WHAT IS NEEDED: Without copying any picture, transcribe exactly the lines of the data below from the one containing "Menina Surpreendendo Seu" through the one containing "Chandelier, Dining room, Interior, Kitchen, Recessed".

MATERIAL FOR THIS EXERCISE:
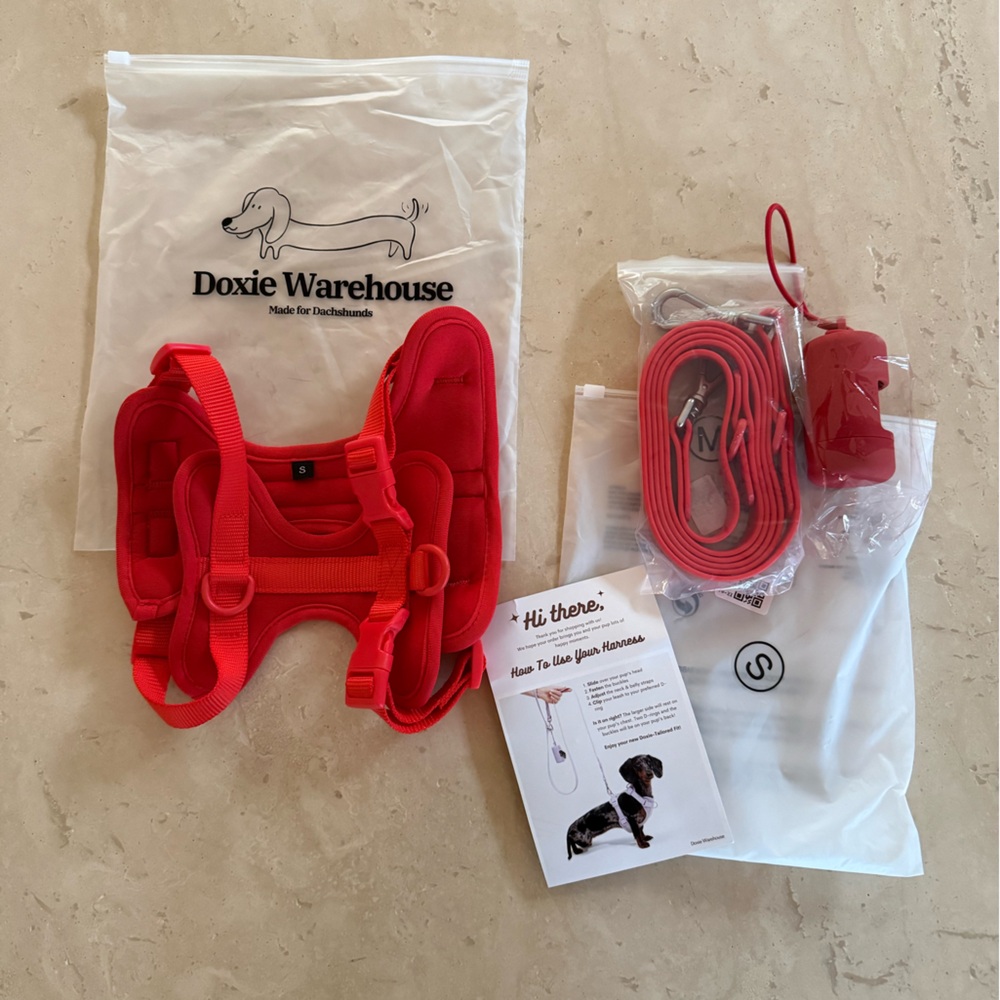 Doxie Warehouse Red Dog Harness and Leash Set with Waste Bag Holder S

--

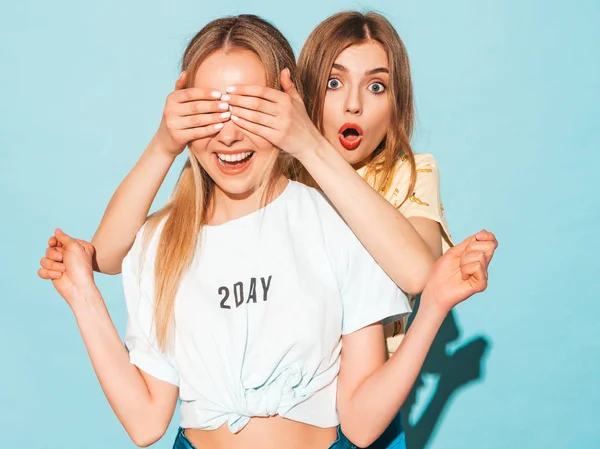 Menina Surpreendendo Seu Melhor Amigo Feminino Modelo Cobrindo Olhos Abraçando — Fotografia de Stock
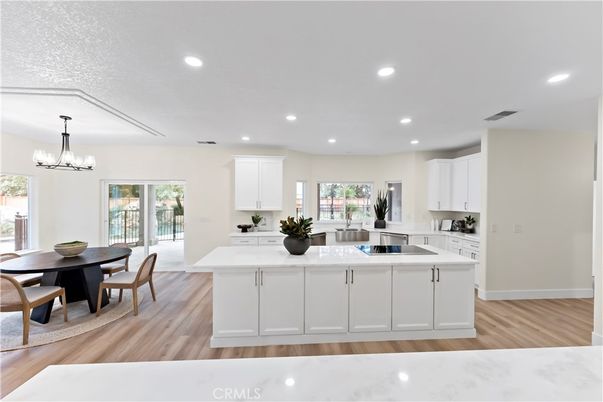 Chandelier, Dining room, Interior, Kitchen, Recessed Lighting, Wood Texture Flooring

EXPECTED OUTPUT:
 Menina Surpreendendo Seu Melhor Amigo Feminino Modelo Cobrindo Olhos Abraçando — Fotografia de Stock
 Chandelier, Dining room, Interior, Kitchen, Recessed Lighting, Wood Texture Flooring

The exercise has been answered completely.